START DATA SHOWN

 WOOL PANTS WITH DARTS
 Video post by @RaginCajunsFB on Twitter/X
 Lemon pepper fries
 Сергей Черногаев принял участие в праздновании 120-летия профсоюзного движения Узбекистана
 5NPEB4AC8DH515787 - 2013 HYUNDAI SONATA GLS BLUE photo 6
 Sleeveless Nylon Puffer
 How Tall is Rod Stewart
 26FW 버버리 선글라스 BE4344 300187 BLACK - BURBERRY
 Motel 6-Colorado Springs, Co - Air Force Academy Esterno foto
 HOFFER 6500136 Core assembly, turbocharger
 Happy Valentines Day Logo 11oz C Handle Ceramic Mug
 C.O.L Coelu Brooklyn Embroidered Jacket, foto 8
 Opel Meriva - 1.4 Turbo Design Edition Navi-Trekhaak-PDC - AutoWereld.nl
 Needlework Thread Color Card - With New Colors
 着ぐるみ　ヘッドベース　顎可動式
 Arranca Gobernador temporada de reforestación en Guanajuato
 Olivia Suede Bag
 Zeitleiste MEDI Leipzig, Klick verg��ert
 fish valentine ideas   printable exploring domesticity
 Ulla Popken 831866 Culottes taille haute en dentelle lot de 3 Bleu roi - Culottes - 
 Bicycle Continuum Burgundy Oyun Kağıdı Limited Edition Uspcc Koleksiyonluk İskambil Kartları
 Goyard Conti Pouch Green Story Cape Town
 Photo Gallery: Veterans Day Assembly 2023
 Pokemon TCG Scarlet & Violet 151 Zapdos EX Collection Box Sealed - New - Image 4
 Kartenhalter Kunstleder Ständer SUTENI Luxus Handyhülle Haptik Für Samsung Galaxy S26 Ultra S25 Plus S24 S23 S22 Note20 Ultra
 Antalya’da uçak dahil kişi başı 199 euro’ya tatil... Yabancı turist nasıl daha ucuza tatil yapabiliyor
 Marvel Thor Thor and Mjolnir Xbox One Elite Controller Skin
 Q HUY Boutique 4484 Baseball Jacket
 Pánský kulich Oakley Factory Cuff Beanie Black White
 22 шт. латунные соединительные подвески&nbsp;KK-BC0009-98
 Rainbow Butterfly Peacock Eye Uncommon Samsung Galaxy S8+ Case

END DATA SHOWN

**PROBLEM DETAILS:** In full and without changes, repeat the listing.

**RESPONSE:**
 WOOL PANTS WITH DARTS
 Video post by @RaginCajunsFB on Twitter/X
 Lemon pepper fries
 Сергей Черногаев принял участие в праздновании 120-летия профсоюзного движения Узбекистана
 5NPEB4AC8DH515787 - 2013 HYUNDAI SONATA GLS BLUE photo 6
 Sleeveless Nylon Puffer
 How Tall is Rod Stewart
 26FW 버버리 선글라스 BE4344 300187 BLACK - BURBERRY
 Motel 6-Colorado Springs, Co - Air Force Academy Esterno foto
 HOFFER 6500136 Core assembly, turbocharger
 Happy Valentines Day Logo 11oz C Handle Ceramic Mug
 C.O.L Coelu Brooklyn Embroidered Jacket, foto 8
 Opel Meriva - 1.4 Turbo Design Edition Navi-Trekhaak-PDC - AutoWereld.nl
 Needlework Thread Color Card - With New Colors
 着ぐるみ　ヘッドベース　顎可動式
 Arranca Gobernador temporada de reforestación en Guanajuato
 Olivia Suede Bag
 Zeitleiste MEDI Leipzig, Klick verg��ert
 fish valentine ideas   printable exploring domesticity
 Ulla Popken 831866 Culottes taille haute en dentelle lot de 3 Bleu roi - Culottes - 
 Bicycle Continuum Burgundy Oyun Kağıdı Limited Edition Uspcc Koleksiyonluk İskambil Kartları
 Goyard Conti Pouch Green Story Cape Town
 Photo Gallery: Veterans Day Assembly 2023
 Pokemon TCG Scarlet & Violet 151 Zapdos EX Collection Box Sealed - New - Image 4
 Kartenhalter Kunstleder Ständer SUTENI Luxus Handyhülle Haptik Für Samsung Galaxy S26 Ultra S25 Plus S24 S23 S22 Note20 Ultra
 Antalya’da uçak dahil kişi başı 199 euro’ya tatil... Yabancı turist nasıl daha ucuza tatil yapabiliyor
 Marvel Thor Thor and Mjolnir Xbox One Elite Controller Skin
 Q HUY Boutique 4484 Baseball Jacket
 Pánský kulich Oakley Factory Cuff Beanie Black White
 22 шт. латунные соединительные подвески&nbsp;KK-BC0009-98
 Rainbow Butterfly Peacock Eye Uncommon Samsung Galaxy S8+ Case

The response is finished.